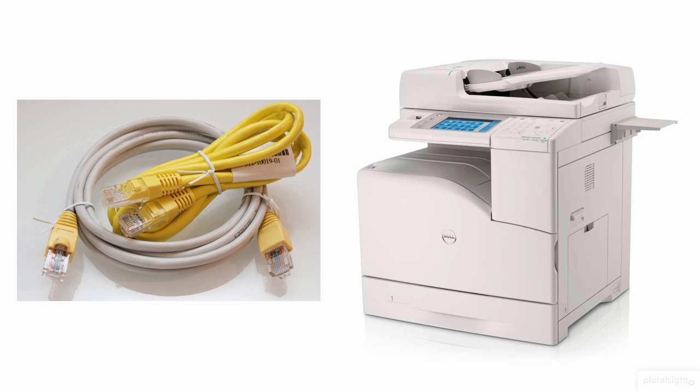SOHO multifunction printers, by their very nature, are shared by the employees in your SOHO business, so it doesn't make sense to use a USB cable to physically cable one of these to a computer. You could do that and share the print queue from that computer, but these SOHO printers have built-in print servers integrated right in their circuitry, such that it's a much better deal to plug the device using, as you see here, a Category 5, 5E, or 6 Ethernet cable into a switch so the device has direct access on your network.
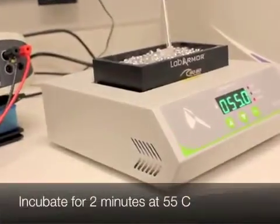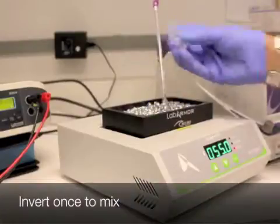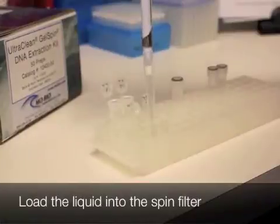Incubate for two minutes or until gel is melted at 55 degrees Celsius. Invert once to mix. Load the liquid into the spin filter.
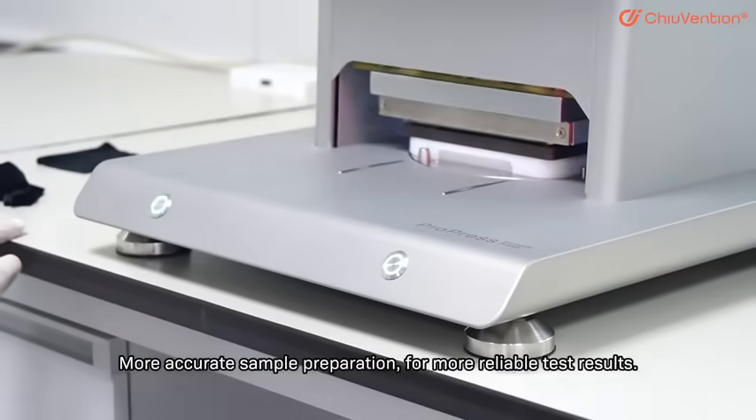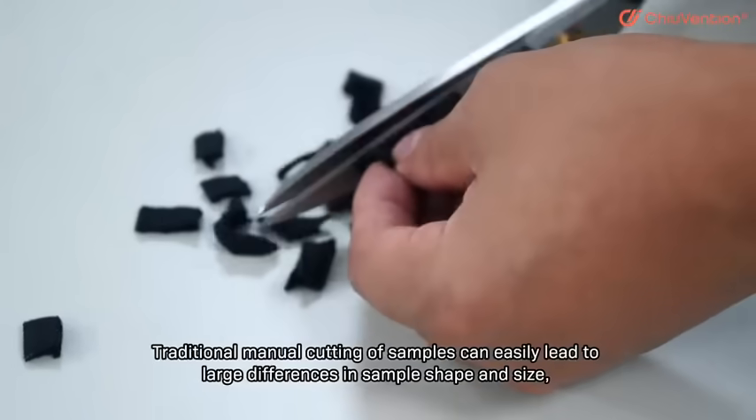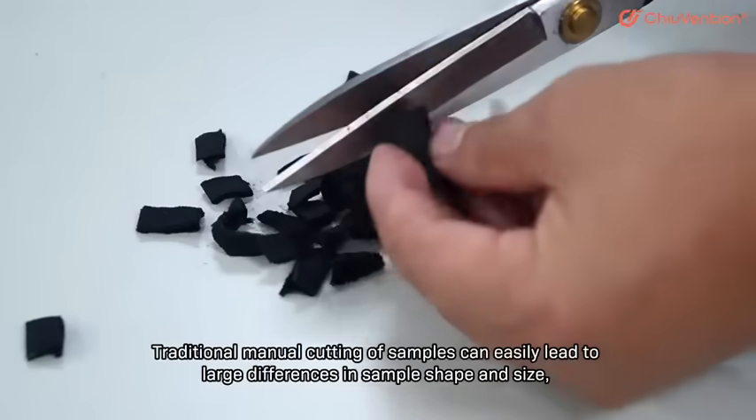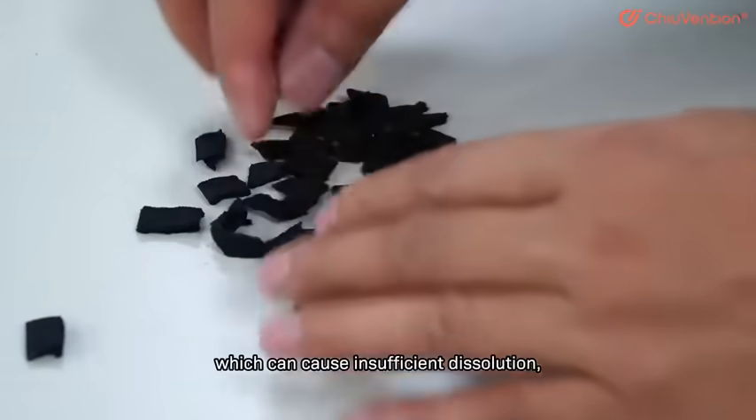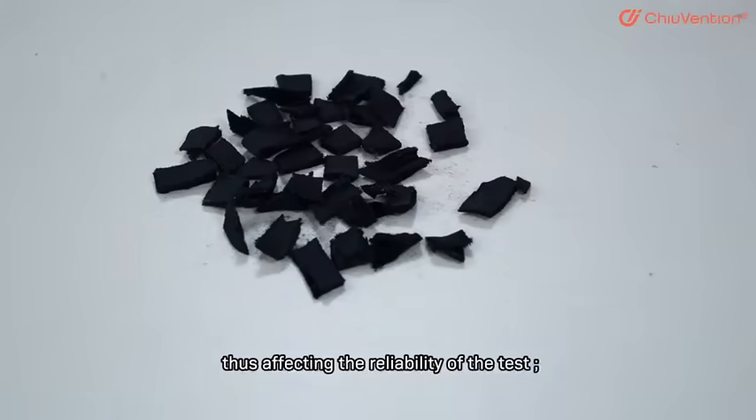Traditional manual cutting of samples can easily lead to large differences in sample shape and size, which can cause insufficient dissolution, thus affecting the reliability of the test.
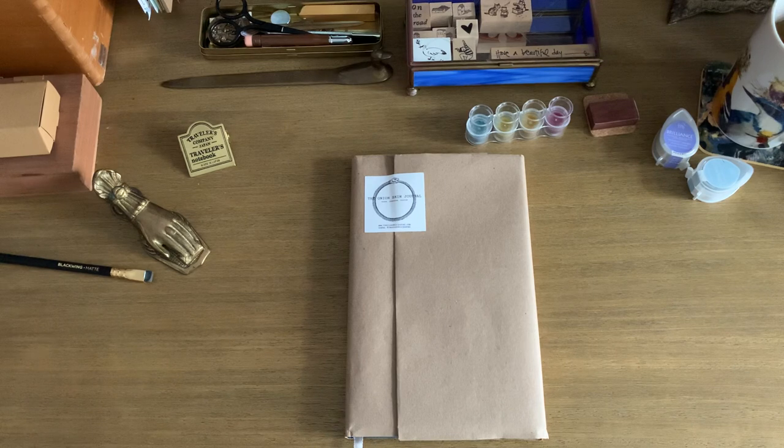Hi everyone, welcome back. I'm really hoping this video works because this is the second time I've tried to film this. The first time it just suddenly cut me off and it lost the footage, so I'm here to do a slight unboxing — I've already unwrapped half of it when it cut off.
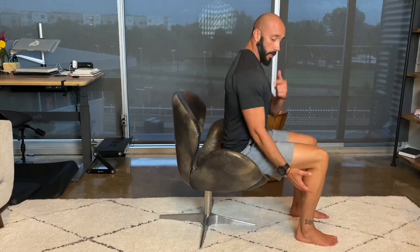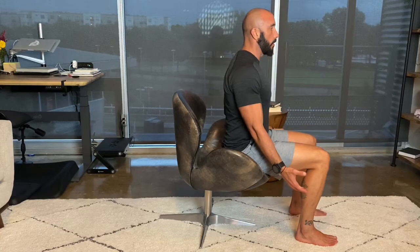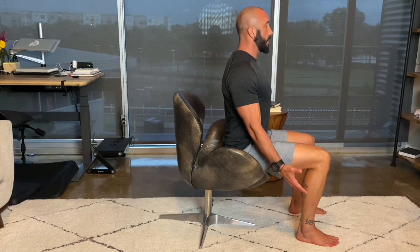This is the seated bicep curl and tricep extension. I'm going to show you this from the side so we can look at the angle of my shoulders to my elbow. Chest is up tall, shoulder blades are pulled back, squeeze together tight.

### Required action
With pictures left out, extract the lines from the one containing "Traditional manual cutting" to the end of the material above, both included, exactly as written.

### Task solution
Traditional manual cutting of samples can easily lead to large differences in sample shape and size, which can cause insufficient dissolution, thus affecting the reliability of the test.
Hi everyone, welcome back. I'm really hoping this video works because this is the second time I've tried to film this. The first time it just suddenly cut me off and it lost the footage, so I'm here to do a slight unboxing — I've already unwrapped half of it when it cut off.
This is the seated bicep curl and tricep extension. I'm going to show you this from the side so we can look at the angle of my shoulders to my elbow. Chest is up tall, shoulder blades are pulled back, squeeze together tight.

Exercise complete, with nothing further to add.